La superbe inutilité

 

En dehors des sceptiques grecs et des empereurs romains de la décadence, tous les esprits paraissent asservis à une vocation municipale. Ceux-là seuls se sont émancipés, les uns par le doute, les autres par la démence, de l'obsession insipide d'être utiles. Ayant promu l'arbitraire au rang d'exercice ou de vertige, selon qu'ils étaient philosophes ou rejetons désabusés des anciens conquérants, ils n'étaient attachés à rien: par ce côté, ils évoquent les saints. Mais tandis que ceux-ci ne devaient jamais s'effondrer, - eux se trouvaient à la merci de leur propre jeu, maîtres et victimes de leurs caprices, - véritables solitaires, puisque leur solitude était stérile. Personne ne l'a prise en exemple et eux-mêmes ne la proposaient point; aussi ne communiquaient-ils avec leurs« semblables• que par l'ironie et la terreur ...

Etre l'agent de dissolution d'une philosophie ou d'un empire : peut-on imaginer fierté plus triste et plus majestueuse ? Tuer d'un côté la vérité et de l'autre la grandeur, manies qui font vivre l'esprit et la cité ; saper l'architecture des leurres sur laquelle s'appuie l'orgueil du penseur et du citoyen ; assouplir jusqu'à les fausser les ressorts de la joie de concevoir et de vouloir; discréditer, par les subtilités du sarcasme et du supplice, les abstractions traditionnelles et les coutumes honorables, - quelle effervescence délicate et sauvage ! Nul charme là où les dieux ne meurent pas sous nos yeux. A Rome, où on les remplaçait, importait, où on les voyait se flétrir, quel plaisir d'invoquer des fantômes, avec pourtant l'unique peur que cette versatilité sublime ne capitulât devant l'assaut de quelque sévère et impure déité ... Ce qui arriva.

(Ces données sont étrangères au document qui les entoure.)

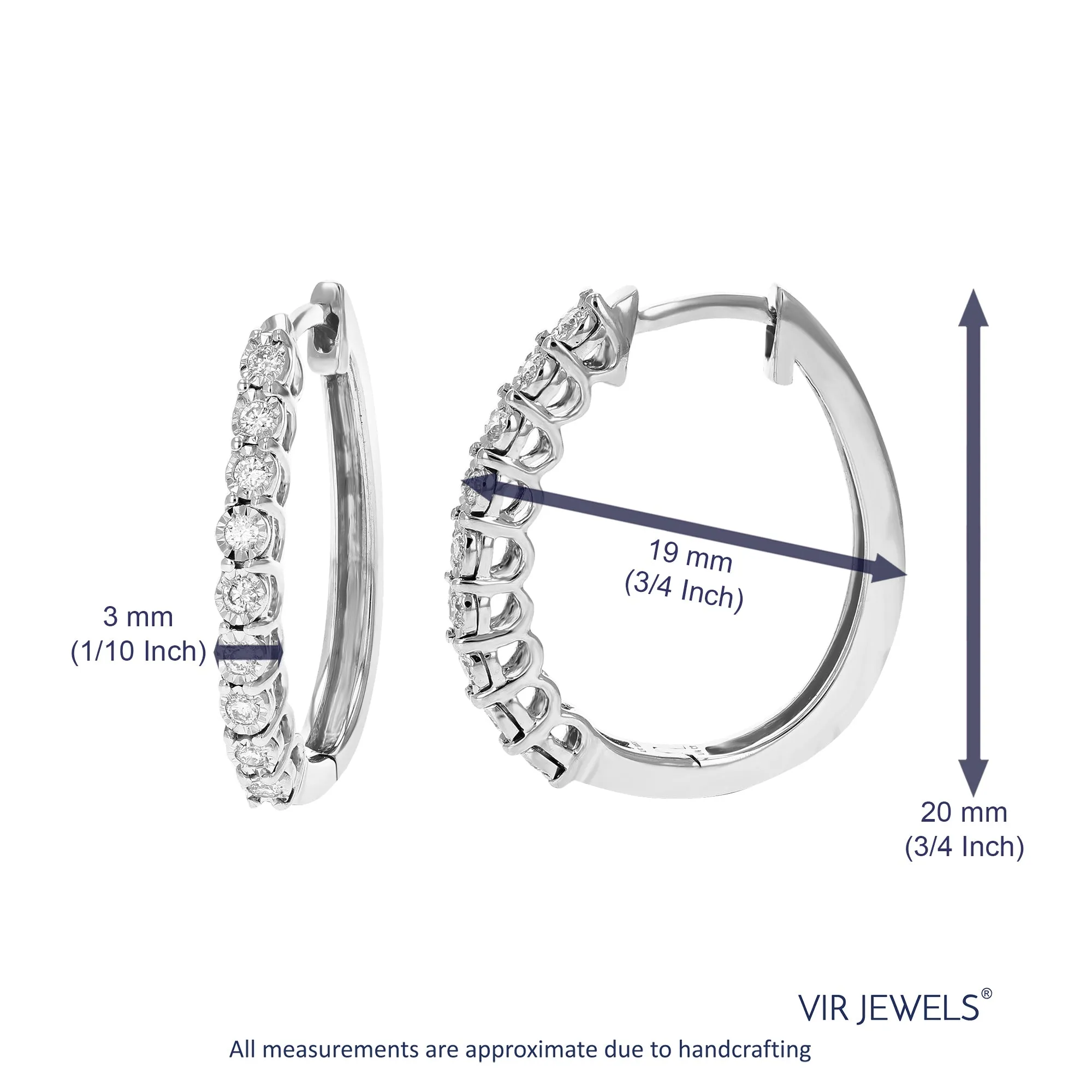 1/4 cttw Lab Grown Diamond Hoop Earring Cluster Sterling Silver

Il n'est pas aisé de détruire une idole : cela requiert autant de temps qu'il en faut pour la promouvoir et l'adorer. Car il ne suffit pas d'anéantir son symbole matériel, ce qui est simple ; mais ses racines dans l'âme. Comment tourner ses regards vers les époques crépusculaires - où le passé se liquidait sous des yeux que seul le vide pouvait éblouir - sans s'attendrir sur ce grand art qu'est la mort d'une civilisation ?

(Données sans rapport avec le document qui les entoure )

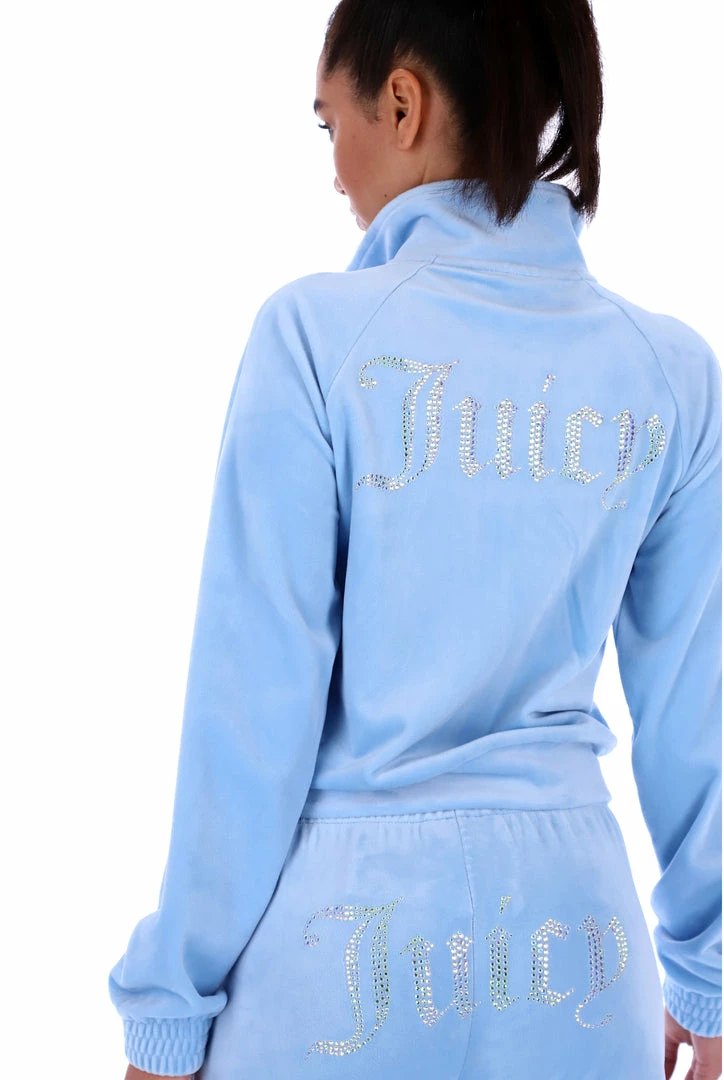 JUICY COUTURE POWDER BLUE VELOUR DIAMANTE TRACKTOP TRACKSUITS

…Et c'est ainsi que je rêve d'avoir été un de ces esclaves, venu d'un pays improbable, triste et barbare, pour traîner dans l'agonie de Rome une vague désolation, embellie de sophismes grecs. Dans les yeux vacants des bustes, dans les idoles amoindries par des superstitions fléchissantes, j'aurais trouvé l'oubli de mes ancêtres, de mes jougs et de mes regrets. Epousant la mélancolie des anciens symboles, je me serais affranchi; j'aurais partagé la dignité des dieux abandonnés, les défendant contre les croix insidieuses, contre l'invasion des domestiques et des martyrs, et mes nuits auraient cherché repos dans la démence et la débauche des Césars. Expert en désabusements, criblant de toutes les flèches d'une sagesse dissolue les ferveurs nouvelles, - auprès des courtisanes, dans des lupanars sceptiques ou dans des cirques aux cruautés fastueuses, j'aurais chargé mes raisonnements de vice et de sang, pour dilater la logique jusqu'à des dimensions dont elle n'a jamais rêvé, jusqu'aux dimensions des mondes qui meurent.